Where research involves personal contact with the researcher such as face to face interviews, focus groups, direct observation, physiological measurements or other methods of data collection involving personal contact, participants should be given a participant information sheet (or leaflet) and would normally be asked to sign a consent form. In most cases, consent should be actively provided by the participant, but there are instances when implied consent can be used, e.g. an online survey that doesn’t collect any personal or sensitive data and is low risk.
A consent form should be a short document (normally one page but may need to be longer depending on the complexity of the study) containing explicit statements of what taking part in the research project involves and what will become of the data collected.
Writing a participant information sheet
The template for producing participant information includes some standard sections which you cannot omit but also sections which you can amend or exclude depending on your study. The guidance will help you produce the participant information by providing further explanation of parts of the participant information.
The advantage of a written Information Sheet is that you and your participants have a record of all the relevant information about the study. In most cases this is supplementary to, rather than replacing, a discussion between the researcher and the potential participant.
For some participants such as very young children, a written information sheet is not appropriate (although for children, their guardian should receive written information about the study). For other participants the information may be presented in a letter or email rather than as an 'Information Sheet'.
The participant information sheet should be designed so that potential participants of your research project can give informed consent to participate in the project.
The participant information information should:
- provide sufficient and appropriate information on which they can base an informed decision, including any risks and benefits
- be written in language that potential participants could reasonably be expected to understand
- be free from coercive language and promises that cannot be kept or unjustified claims of benefits
- be provided for each data collection tool separately so if the research involves both interviews and focus groups, there must be participant information for each activity
- be provided for each group of participants so for example, students receive information relevant to them and staff likewise
The consent form should have tick boxes to allow the participant to consent to each of the statements and, when appropriate, allow the participant not to take part in certain aspects of the study by either agreeing or disagreeing to a statement, e.g. not consenting to their data being used in future research. Both the participant and the researcher obtaining consent should sign the form. Two forms should be signed so that the participant can be provided with a signed copy to keep for their records.
Clear evidence must be obtained that the participant has given informed consent to take part in the study. This will normally be in the form of a signed consent form although other evidence may be acceptable (for example by audio recording consent). It is recognised that there are some rare instances when it will not be possible or appropriate to ask for written consent (e.g. where there are cultural or political concerns with signing contract-like documents).
Opt-in consent is City’s preferred approach, as Opt-out does not reflect a conscious decision by those invited to accept or decline an invitation to participate in research. Requests for opt-out consent will only be considered in exceptional cases and a full explanation should be provided.

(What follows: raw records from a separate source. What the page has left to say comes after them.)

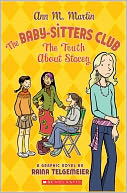 The Truth About Stacey (Turtleback School & Library Binding Edition)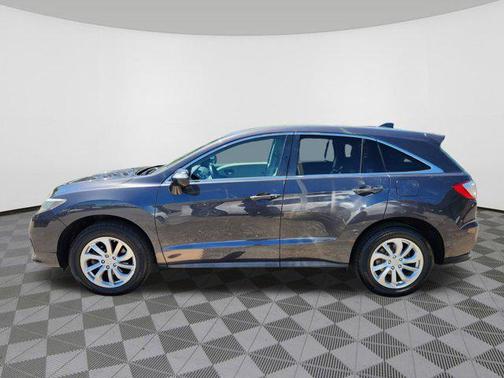 2016 Acura RDX Technology & AcuraWatch Plus Package
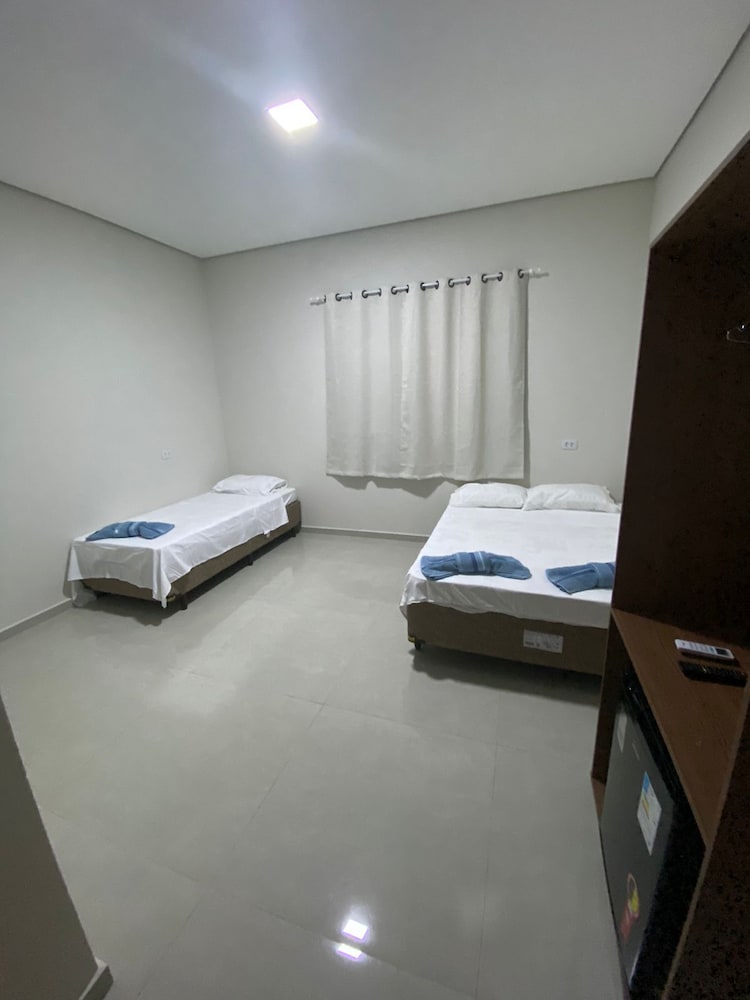 Amparo Hotel — Ribas Do Rio Pardo — photo 4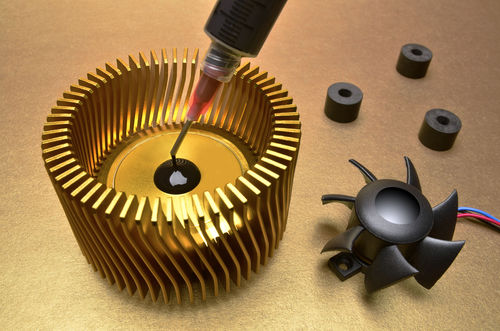 Colle époxy - Master Bond - pour métal / pour plastique / pour matériaux composites
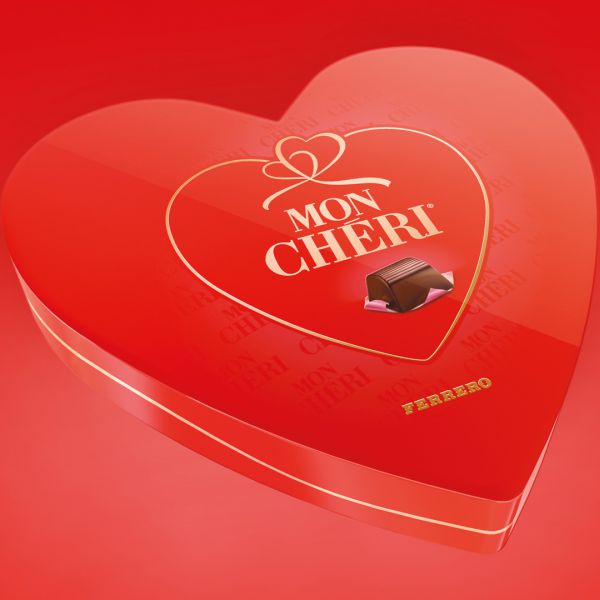 Mon Cheri Valentine's Day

Please bear in mind that the template does not cover all eventualities and needs to be tailored depending on the type of study, but, it suggests some potential scenarios.
The consent form should include the following statements:
- I confirm that I have had the project explained to me, and have read the participant information sheet, which I may keep for my records. I have been given the opportunity to ask questions and have had them answered to my satisfaction.
- If applicable, a statement asking the participant to consent to audio and or video recording.
- I understand that my participation is voluntary, that I can choose not to participate in part or all of the project, and that I can withdraw at any stage of the project without being penalized or disadvantaged in any way.
- I agree to take part in this study.
- A statement that asks the participant to agree to City, University of London recording and processing this information about them and that they understand that the information collected in the study will be used only for the purpose(s) set out in the consent form.
- A statement that asks the participant to confirm that they understand how their data will be handled (e.g. stored, destroyed, sharing, what it will be used for).
In addition to the above it would be expected that explicit consent for the following is obtained where applicable:
- Reuse of data and an explanation what the data will be used for, as well as reassurance that the data will only be reused in studies which have been given ethics approval.
- The use of direct quotes.
- Sharing data outside the research team (e.g. with collaborators).
- If using anonymous online/paper surveys, a statement that asks the participant to confirm that they understand that their data cannot be withdrawn and/or when it is no longer possible to withdraw their data, e.g. once the data has been anonymised.
- A statement that asks the participant to confirm that they understand that their anonymous data will be made open access, e.g. to underpin journal publication or to meet funding requirements.